Nel secondo dopoguerra, la Sicilia occidentale divenne il fulcro di una stagione di lotte sociali che miravano a risollevare una regione piegata dalla miseria e dall’abbandono. Ma quelle rivendicazioni non furono accolte senza resistenza: lo Stato rispose spesso con durezza, utilizzando strumenti repressivi e processi politici per spegnere le proteste e criminalizzare i loro protagonisti. L’esperienza di Danilo Dolci e di molti altri attivisti siciliani è la dimostrazione di come la giustizia, in certi momenti storici, sia stata utilizzata per reprimere il dissenso invece che per tutelare i diritti.

Una delle pagine più significative di questa repressione fu lo sciopero alla rovescia del 1956, quando Dolci e un gruppo di disoccupati iniziarono a lavorare gratuitamente per riparare una strada pubblica abbandonata dallo Stato. La risposta delle autorità fu immediata: il sociologo venne arrestato con l’accusa di “occupazione illegale” e interruzione di pubblico servizio. Il processo si trasformò in un caso mediatico internazionale, con intellettuali e artisti di tutto il mondo che denunciarono la natura politica dell’incriminazione.

Non fu un caso isolato. Negli anni successivi, diverse inchieste giudiziarie furono aperte contro sindacalisti, attivisti e semplici cittadini che chiedevano migliori condizioni di vita. Le lotte contadine per la redistribuzione delle terre, le proteste per l’acqua pubblica e la battaglia contro il latifondo incontrarono spesso la resistenza dello Stato, che vedeva in quei movimenti una minaccia all’ordine costituito più che una richiesta di giustizia sociale. Le accuse di “istigazione alla rivolta” e “turbativa dell’ordine pubblico” divennero strumenti frequenti per bloccare il movimento di protesta.

Anche la stampa giocò un ruolo determinante in questa fase. I giornali nazionali, spesso vicini agli interessi politici dominanti, dipinsero le proteste siciliane come fenomeni marginali, alimentando una narrazione che criminalizzava i manifestanti e minimizzava le loro rivendicazioni. Solo grazie a voci indipendenti e all’attenzione della comunità internazionale, molte delle vicende giudiziarie si risolsero con assoluzioni o ridimensionamenti delle accuse.

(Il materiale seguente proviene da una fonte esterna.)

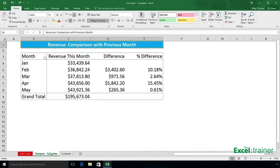Hi there, this is Mike from the Excel Trainer. In this short video I want to show you how to calculate the difference in a pivot table — that's the difference in numerical terms and the difference in percentage terms.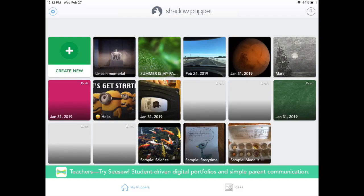When you first open up the app, you're going to come to My Puppets, or the home screen. It's going to show you where you can create a new video and where all of your shadow puppets will live once you've created them. Also down at the bottom, you'll see a spot for Ideas. You can click on this and it gives you some ideas and examples of how to get started for the first time.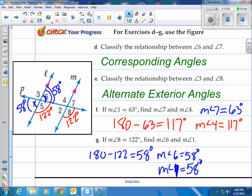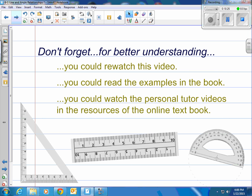That is all. Don't forget — you can always rewatch this video, read the examples in the book, or watch the personal tutor videos on the online textbook.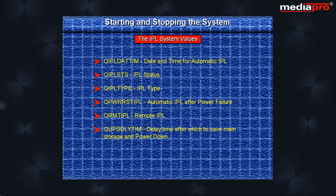QUPSDLYTIM specifies the length of time the system should wait before saving main storage and powering down the system. This is only applicable when the system has an uninterruptible power supply. QUPSMSGQ specifies the message queue that is to receive uninterruptible power supply messages when the system utility power supply fails.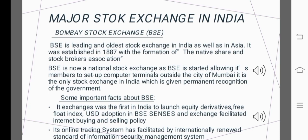It is the only stock exchange in India that has been given permanent recognition by the government. The Stock Brokers Association established the formation in 1875, with operations expanding outside the city of Mumbai.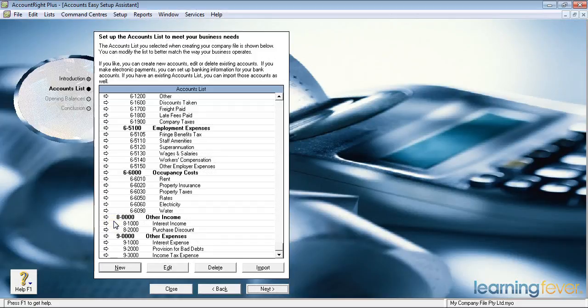Other income at account eight zero zero zero zero zero would be other income that is not normally part of your core business. So for example, if you have a surplus of funds — which is an enviable position to be in — you may be collecting interest on some of that money. It's not part of your core business but you do need to record it somewhere.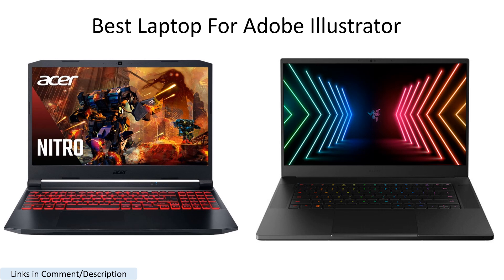Adobe Illustrator is a powerful graphics design software widely used by professionals in the creative industry. If you're looking for the best laptop to run Adobe Illustrator smoothly, there are several factors to consider, such as processor, RAM, graphics card, display, and battery life.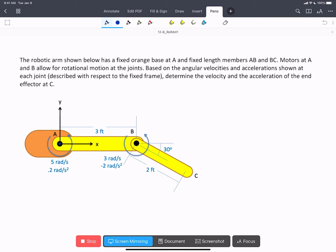In this problem, we have a robotic arm that's fixed to the orange base at A. It's got two components, AB and BC, and they're being rotated by motors at the joints. We're being asked to find the velocity and acceleration of the end effector C.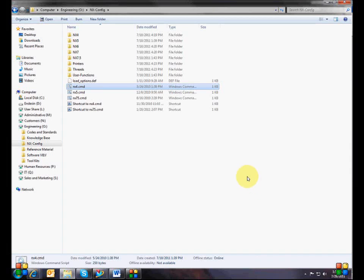Hello everyone and welcome to the NX8 episode on custom CAM configuration files. The CAM configuration file is the primary component of a custom CAM environment. You need to customize a CAM configuration file first before you start worrying about post processors, part templates, and all the rest of it. The first step before you even get into the configuration files is setting up your environment variables file to point to your custom CAM directory.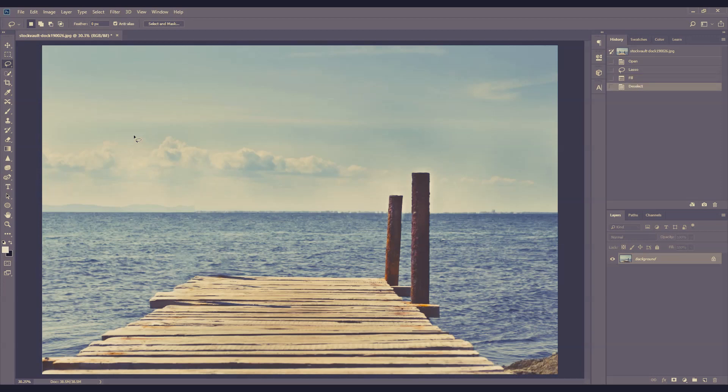So this is a much faster way to remove an object, as opposed to the traditional method, such as the clone stamp tool.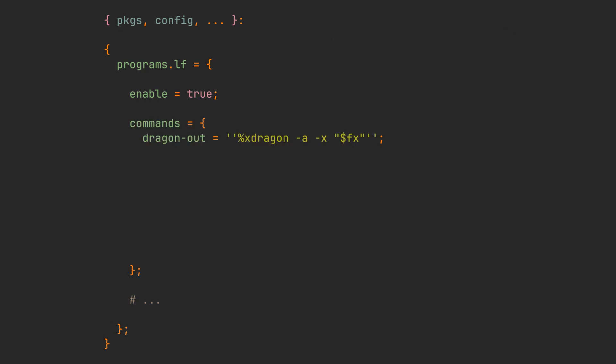We will begin by adding a commands field, which can hold all of our custom commands that we can later assign to keys. Similarly to LF's standard syntax, we are assigning commands to values, except instead of using the cmd keyword we are just defining fields in a set. I am using multiline strings for all of my commands because you don't have to escape any double or single quotes this way.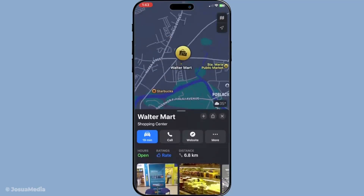Now that your destination is locked in, you'll see a route card at the bottom of your screen. This card provides useful information about your journey, such as the estimated time and distance. To move on to the sharing process, tap on this card. It's from here that you'll find the share button — this is your gateway to sending an ETA to someone else.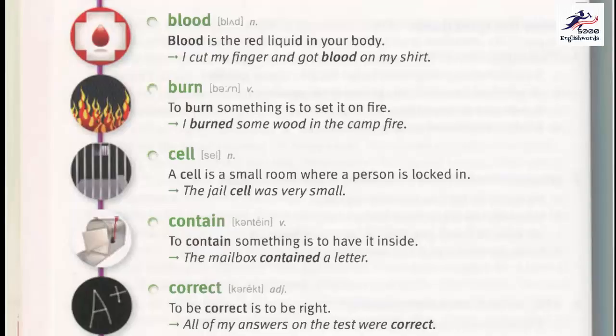Contain. To contain something is to have it inside. The mailbox contained a letter. Correct. To be correct is to be right. All of my answers on the test were correct.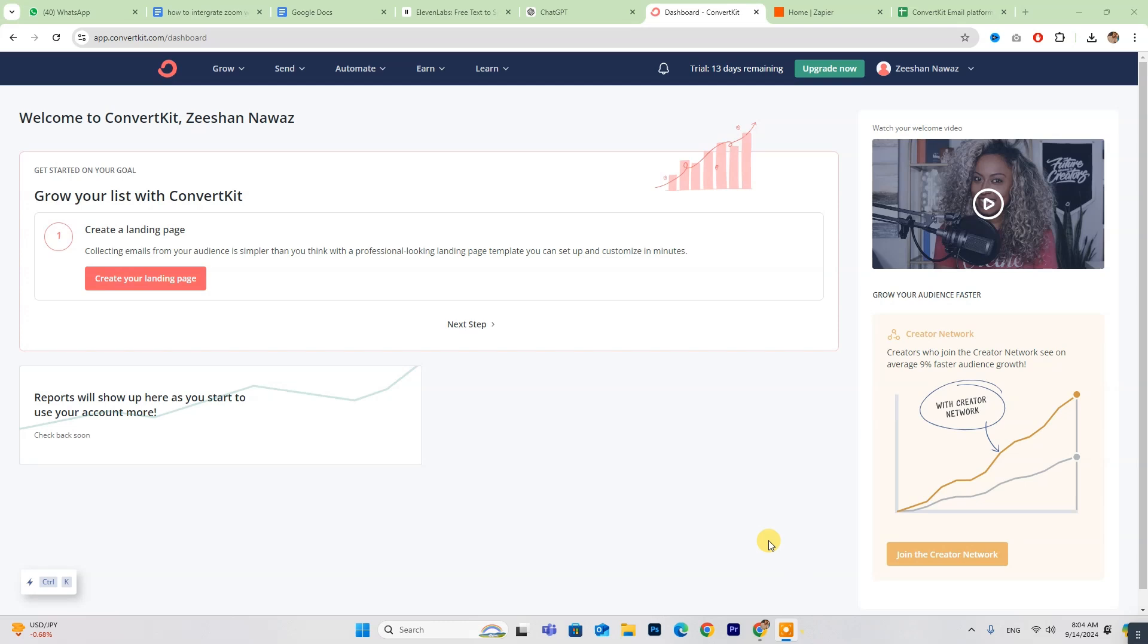Hey everyone! Today we're diving into how to integrate QuickPages with ConvertKit. If you're new to ConvertKit, don't miss out on the free trial link in the description below.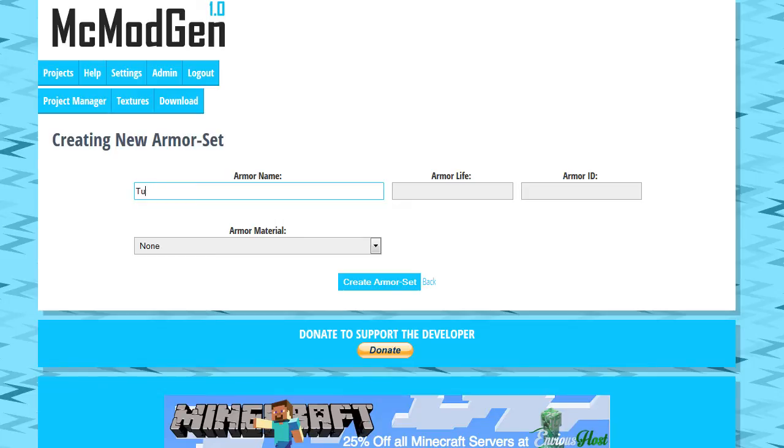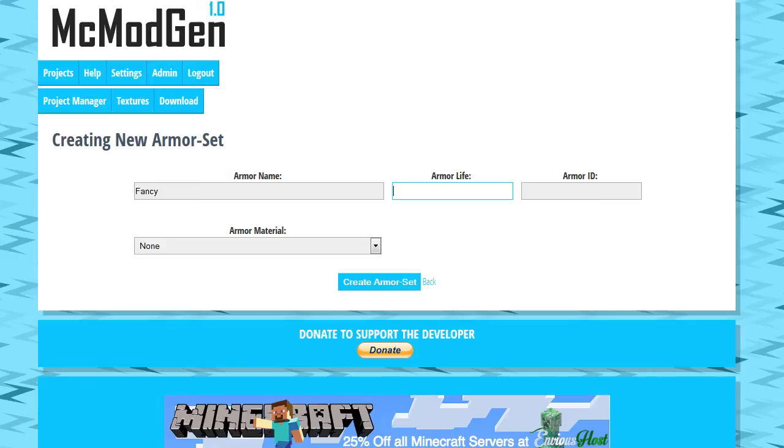We're just going to call this Fancy. So, we're going to have fancy stuff. Life is essentially like how many hits it can take with how much damage. So, we're just going to give it something kind of small. Let's make it break really fast. Let's give it like 10.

Oggi, la storia della repressione delle lotte sociali in Sicilia rappresenta un monito su come il potere possa essere usato per soffocare il cambiamento. Se da un lato le proteste hanno portato a miglioramenti concreti nelle condizioni di vita delle popolazioni più povere, dall’altro hanno dimostrato quanto sia difficile ottenere giustizia in un sistema che spesso protegge gli interessi dei più forti. La memoria di quegli anni e di quelle battaglie è essenziale per comprendere il presente e per evitare che la criminalizzazione del dissenso diventi, ancora una volta, un ostacolo al progresso sociale.